According to a recent ruling of the Spanish Supreme Court (June 21, 2013), for a company to be considered the category of small or medium and small-sized enterprise (Spanish PYME), and to benefit from the existing incentives in the Spanish Corporate Tax (reduced tax rates and deductions), it is required that the company exercises a business activity, even if the volume of income obtained in the year is less than 10,000,000 euros: a basic requirement for a company to be considered as a PYME.
This circumstance has great implications. The so-called mere holding companies, which would include those dedicated to the lease of real estate and that do not have a full-time employee, because the same, and thus do not carry out any business activity and must not be considered as PYME, would pay a fixed tax rate of 30%. This is something not many advisors know.
According to the Spanish Law on Personal Income Tax, the rental of real estate is carried out as an economic activity if you have a full-time employee, and a business premises where such activity takes place. This criterion is the one that also would be applicable for corporate tax purposes.
It is completely surprising that the Supreme Court in Spain has reached this conclusion, adopting the criteria maintained by the Tax Agency as its own, when there were resolutions of Administrative Economic Courts that adopted the opposite thesis, among others, TEAR Valencia (11/22/2011) or TEAR Galicia (12/15/2011).
One of the main reasons to disagree with the resolution adopted by the high court, is based on the fact that the preamble of Law 35/2006, which repealed the regime of property companies in force since 2002, states that the legislator, by eliminating the special regime of patrimonial companies, wanted said companies to be taxed under the general regime of the Corporation Tax without any specialty, and even less for it to be necessary to resort to an terminology that exists in a tax applicable to natural persons (IRPF) and not to legal entities.

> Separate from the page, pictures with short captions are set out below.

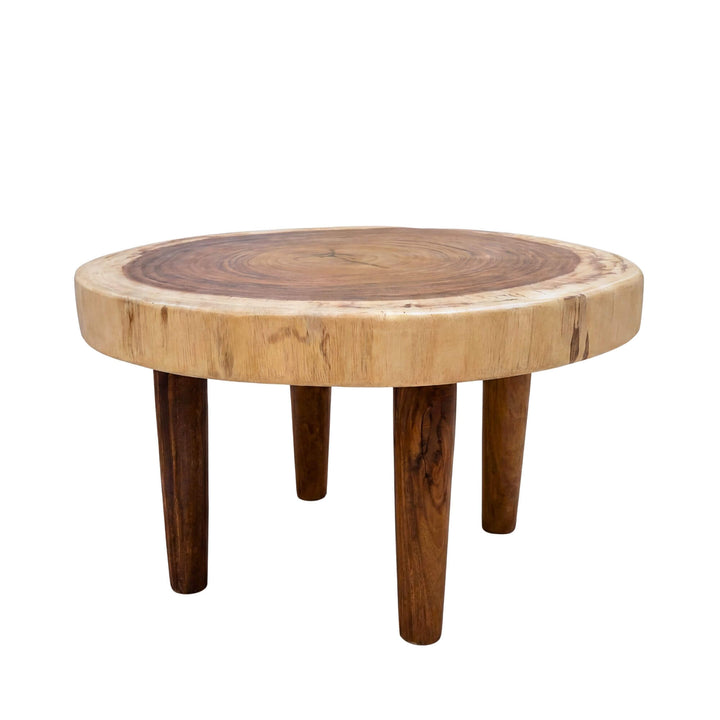 Angled view of the coffee table highlighting its compact sculptural form and rich suar wood tones.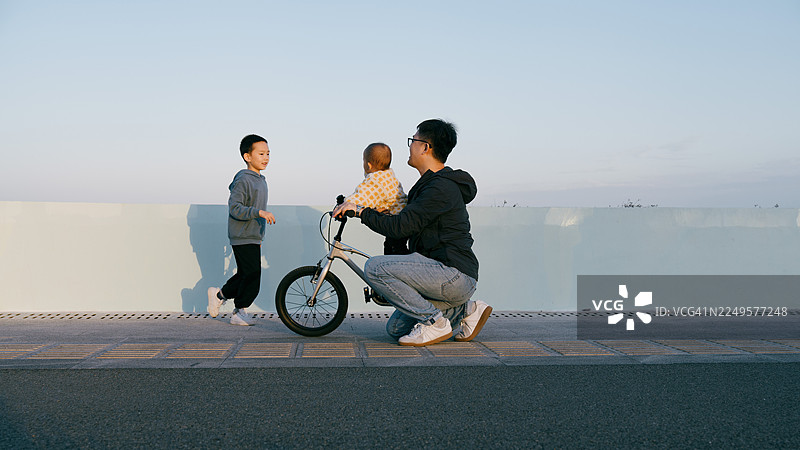 一位亚裔父亲在海边和孩子们玩耍并骑自行车；亚裔家庭生活方式图片素材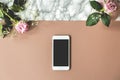 Two pink roses on top view photo of marble table with mockup phone and empty space for your product Royalty Free Stock Photo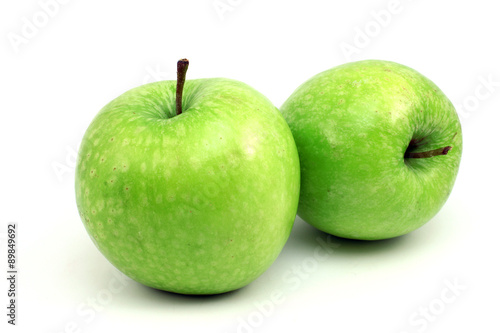 Two shiny green apple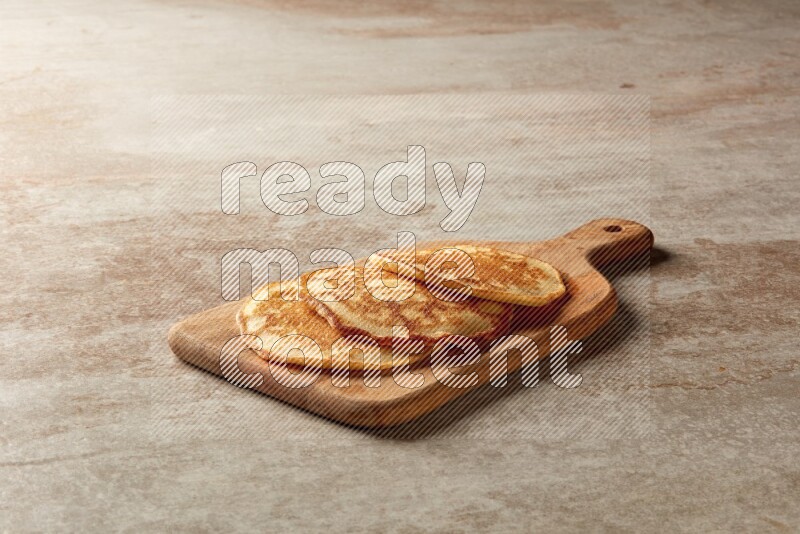 Three stacked plain pancakes on a wooden board on beige background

The Supreme Court in Spain, endorsing the thesis of the Tax Administration, interprets restrictively the will of the legislator when the reality is that if the will of the Law were to exclude the application of the reduced tax rate for certain companies, the legislator would have said so expressly (as it is done in many laws), and in addition it would have defined with a minimum precision what is understood by mere holding companies to which not to apply said incentive.
Because of this, it is very likely that the Treasury -as it did a while ago- will once again send out massive “parallel” notifications to rental companies that have not followed their criteria and have applied the reduced rate of PYMES. If this is your case, we recommend you consult your advisor in order to find the best way to solve this situation, and check if your advisor is correctly liquidating your tax settlements.